Most of us don’t know when we are about to die and that our inescapable day has arrived.
That seems surprising, considering that we will all, without exception, wake up one day on the last day that we will ever wake up. No more sleeping, no more waking up.
Some people probably do know that their time has come. Some people whom I have known seemed to already be in the company of other beings than the ones sitting beside their beds, who are valiantly trying to keep up a conversation with the one who is referring to the presence of other beings than the ones sitting next to her. My mother-in-law “invented” a second floor above the one-story home where she resided for her final months, which she had apparently visited that very morning.
Perhaps to be straddling two worlds is a good way to leave this one.

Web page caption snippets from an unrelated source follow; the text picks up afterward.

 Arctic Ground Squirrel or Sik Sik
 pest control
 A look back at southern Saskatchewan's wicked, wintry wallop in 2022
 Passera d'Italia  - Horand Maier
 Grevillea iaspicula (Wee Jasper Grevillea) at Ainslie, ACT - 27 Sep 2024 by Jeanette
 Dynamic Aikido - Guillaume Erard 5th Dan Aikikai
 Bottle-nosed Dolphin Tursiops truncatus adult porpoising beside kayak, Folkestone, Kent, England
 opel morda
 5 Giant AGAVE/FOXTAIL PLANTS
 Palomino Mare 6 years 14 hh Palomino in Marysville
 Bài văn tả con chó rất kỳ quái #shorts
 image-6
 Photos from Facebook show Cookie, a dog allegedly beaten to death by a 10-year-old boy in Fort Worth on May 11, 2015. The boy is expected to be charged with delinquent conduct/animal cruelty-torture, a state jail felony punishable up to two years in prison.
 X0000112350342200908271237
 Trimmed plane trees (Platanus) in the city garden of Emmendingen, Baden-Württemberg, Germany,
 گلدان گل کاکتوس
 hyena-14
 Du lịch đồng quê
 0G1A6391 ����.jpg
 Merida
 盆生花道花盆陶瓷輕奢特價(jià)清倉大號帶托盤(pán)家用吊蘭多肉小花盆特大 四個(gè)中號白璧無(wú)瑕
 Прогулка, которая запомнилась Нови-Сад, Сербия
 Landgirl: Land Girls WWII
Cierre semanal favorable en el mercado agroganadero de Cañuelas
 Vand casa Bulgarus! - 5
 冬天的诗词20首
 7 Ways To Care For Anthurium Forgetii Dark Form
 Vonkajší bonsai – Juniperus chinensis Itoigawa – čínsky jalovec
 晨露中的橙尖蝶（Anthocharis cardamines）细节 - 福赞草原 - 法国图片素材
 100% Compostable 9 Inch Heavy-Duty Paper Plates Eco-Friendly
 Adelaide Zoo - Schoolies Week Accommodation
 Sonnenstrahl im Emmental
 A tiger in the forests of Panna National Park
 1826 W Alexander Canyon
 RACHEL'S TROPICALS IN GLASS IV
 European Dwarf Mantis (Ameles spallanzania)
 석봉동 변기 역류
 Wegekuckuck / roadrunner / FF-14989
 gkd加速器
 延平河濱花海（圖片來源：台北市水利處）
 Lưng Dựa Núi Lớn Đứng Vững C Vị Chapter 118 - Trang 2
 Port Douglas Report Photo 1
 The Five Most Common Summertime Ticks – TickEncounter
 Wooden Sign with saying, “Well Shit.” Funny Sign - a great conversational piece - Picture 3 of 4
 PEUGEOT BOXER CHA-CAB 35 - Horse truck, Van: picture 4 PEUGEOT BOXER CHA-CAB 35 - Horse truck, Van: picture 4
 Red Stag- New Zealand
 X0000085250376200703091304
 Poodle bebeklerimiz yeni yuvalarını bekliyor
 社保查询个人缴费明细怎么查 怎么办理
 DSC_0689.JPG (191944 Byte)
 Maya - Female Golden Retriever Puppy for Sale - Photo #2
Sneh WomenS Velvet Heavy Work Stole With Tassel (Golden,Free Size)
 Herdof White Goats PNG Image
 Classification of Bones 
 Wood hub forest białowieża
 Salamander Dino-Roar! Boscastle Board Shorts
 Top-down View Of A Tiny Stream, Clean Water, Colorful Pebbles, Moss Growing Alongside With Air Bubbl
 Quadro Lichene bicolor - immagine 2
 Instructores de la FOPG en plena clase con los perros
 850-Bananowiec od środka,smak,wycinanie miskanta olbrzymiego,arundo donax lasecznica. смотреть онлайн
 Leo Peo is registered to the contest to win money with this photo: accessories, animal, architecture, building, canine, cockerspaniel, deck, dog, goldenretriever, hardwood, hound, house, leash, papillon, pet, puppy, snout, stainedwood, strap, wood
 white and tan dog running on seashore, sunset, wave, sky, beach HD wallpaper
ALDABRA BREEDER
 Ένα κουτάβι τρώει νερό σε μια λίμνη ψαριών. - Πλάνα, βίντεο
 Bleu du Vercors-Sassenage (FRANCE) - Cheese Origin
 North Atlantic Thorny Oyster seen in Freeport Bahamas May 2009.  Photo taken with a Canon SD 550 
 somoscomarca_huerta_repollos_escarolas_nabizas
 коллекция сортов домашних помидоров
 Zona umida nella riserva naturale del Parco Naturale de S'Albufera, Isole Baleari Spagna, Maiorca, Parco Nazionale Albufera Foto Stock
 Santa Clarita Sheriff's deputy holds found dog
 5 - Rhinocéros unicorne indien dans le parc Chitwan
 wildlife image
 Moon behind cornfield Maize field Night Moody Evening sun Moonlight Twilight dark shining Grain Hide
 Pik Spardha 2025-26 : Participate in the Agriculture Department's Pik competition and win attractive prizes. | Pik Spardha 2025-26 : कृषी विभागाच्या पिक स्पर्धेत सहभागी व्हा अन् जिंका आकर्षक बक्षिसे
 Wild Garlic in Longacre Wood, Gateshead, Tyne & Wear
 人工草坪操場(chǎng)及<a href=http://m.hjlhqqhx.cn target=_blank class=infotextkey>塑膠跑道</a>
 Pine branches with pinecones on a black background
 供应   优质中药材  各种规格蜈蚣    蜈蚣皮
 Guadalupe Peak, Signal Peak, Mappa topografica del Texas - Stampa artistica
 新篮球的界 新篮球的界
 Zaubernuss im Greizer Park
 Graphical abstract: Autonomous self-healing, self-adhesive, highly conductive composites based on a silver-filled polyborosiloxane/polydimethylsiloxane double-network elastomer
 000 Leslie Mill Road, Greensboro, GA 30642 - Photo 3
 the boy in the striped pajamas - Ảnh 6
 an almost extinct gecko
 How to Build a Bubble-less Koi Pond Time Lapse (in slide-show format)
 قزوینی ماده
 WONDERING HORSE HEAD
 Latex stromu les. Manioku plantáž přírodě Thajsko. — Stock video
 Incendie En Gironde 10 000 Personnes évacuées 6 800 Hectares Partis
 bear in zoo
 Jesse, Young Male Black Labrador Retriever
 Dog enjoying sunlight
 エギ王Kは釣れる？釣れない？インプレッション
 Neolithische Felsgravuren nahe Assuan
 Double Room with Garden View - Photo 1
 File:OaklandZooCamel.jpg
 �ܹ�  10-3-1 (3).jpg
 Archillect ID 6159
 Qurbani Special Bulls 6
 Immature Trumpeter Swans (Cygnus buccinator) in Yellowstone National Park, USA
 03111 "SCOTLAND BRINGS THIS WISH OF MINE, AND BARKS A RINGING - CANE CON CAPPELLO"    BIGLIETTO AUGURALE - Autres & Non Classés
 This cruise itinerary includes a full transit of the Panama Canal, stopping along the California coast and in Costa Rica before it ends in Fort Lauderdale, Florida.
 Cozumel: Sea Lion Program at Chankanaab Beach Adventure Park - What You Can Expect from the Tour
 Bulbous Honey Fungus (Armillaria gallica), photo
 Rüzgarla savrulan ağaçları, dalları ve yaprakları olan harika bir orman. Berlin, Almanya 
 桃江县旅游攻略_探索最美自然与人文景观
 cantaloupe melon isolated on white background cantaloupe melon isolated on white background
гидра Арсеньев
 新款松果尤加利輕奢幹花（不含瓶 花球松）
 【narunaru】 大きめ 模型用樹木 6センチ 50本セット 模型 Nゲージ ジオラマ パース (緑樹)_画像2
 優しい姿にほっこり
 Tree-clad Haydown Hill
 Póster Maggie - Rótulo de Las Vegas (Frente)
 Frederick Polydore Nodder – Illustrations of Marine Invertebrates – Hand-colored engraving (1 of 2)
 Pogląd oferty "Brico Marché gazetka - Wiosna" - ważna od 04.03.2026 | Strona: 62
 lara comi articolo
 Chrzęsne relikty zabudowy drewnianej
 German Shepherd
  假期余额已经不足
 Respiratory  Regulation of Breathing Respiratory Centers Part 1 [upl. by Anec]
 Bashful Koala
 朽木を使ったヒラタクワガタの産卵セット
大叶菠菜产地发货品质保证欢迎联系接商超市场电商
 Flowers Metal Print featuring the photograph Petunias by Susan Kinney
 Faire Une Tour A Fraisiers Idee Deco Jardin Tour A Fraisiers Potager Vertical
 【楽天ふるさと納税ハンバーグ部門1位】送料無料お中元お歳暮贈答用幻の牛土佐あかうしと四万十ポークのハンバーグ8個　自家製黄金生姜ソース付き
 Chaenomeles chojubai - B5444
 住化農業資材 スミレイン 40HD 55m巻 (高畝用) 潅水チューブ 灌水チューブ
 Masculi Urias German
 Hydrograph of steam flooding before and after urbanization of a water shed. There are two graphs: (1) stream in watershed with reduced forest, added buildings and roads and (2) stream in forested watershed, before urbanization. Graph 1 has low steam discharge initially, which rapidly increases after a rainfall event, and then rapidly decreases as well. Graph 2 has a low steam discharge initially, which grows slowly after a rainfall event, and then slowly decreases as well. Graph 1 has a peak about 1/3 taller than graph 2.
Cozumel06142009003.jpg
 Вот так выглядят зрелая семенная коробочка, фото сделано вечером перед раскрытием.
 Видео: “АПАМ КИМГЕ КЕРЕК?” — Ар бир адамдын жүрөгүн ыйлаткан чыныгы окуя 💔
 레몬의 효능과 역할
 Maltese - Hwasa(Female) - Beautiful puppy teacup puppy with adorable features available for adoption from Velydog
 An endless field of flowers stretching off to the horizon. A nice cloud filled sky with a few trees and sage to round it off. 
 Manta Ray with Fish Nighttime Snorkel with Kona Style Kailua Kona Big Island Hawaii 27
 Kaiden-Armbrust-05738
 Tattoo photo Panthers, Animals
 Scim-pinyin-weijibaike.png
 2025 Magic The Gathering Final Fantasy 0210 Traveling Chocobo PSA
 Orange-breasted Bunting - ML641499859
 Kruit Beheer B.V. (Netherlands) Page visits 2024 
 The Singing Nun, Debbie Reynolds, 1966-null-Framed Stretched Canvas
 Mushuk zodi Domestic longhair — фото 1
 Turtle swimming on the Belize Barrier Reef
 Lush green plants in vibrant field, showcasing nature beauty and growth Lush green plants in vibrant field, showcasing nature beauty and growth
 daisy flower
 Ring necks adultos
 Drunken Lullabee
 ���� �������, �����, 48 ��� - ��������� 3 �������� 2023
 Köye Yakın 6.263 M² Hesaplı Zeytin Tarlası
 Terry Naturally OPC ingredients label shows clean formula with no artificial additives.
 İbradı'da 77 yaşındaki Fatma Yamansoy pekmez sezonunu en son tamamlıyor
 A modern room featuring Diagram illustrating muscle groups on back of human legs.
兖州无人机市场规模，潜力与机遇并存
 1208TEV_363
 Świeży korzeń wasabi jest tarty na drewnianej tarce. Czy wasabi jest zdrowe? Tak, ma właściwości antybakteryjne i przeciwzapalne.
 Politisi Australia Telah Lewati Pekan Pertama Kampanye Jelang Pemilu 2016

Meanwhile here I sit fully embedded in a world that seems far more real than any other. When I say ‘embedded’, I’m not visualizing a Mafioso victim standing at the end of a dock with his feet immersed in concrete blocks. It’s just a metaphor for living inside a mind that has been molded by an entire encyclopedia of assumptions and educated in well-worn ways of looking at the flying moments of lived experience.
Embedded in this closed world of already known facts and pre-existing structures of understanding, I don’t believe I have ever had the thought; “This is my last day here.”
I will be ‘surprised’ if this thought shows up on my last day either.
That kind of surprise might provide a moment for me to hope that I have already packed a few things in hidden pockets of being, which might prove useful if some kind of journey continues.
And on this particular day, today, whether it is my last one on Planet Earth or not, I am glad to discover that the possibility of hope still finds a home in me.
Beautiful, Michael. You bought me hope today.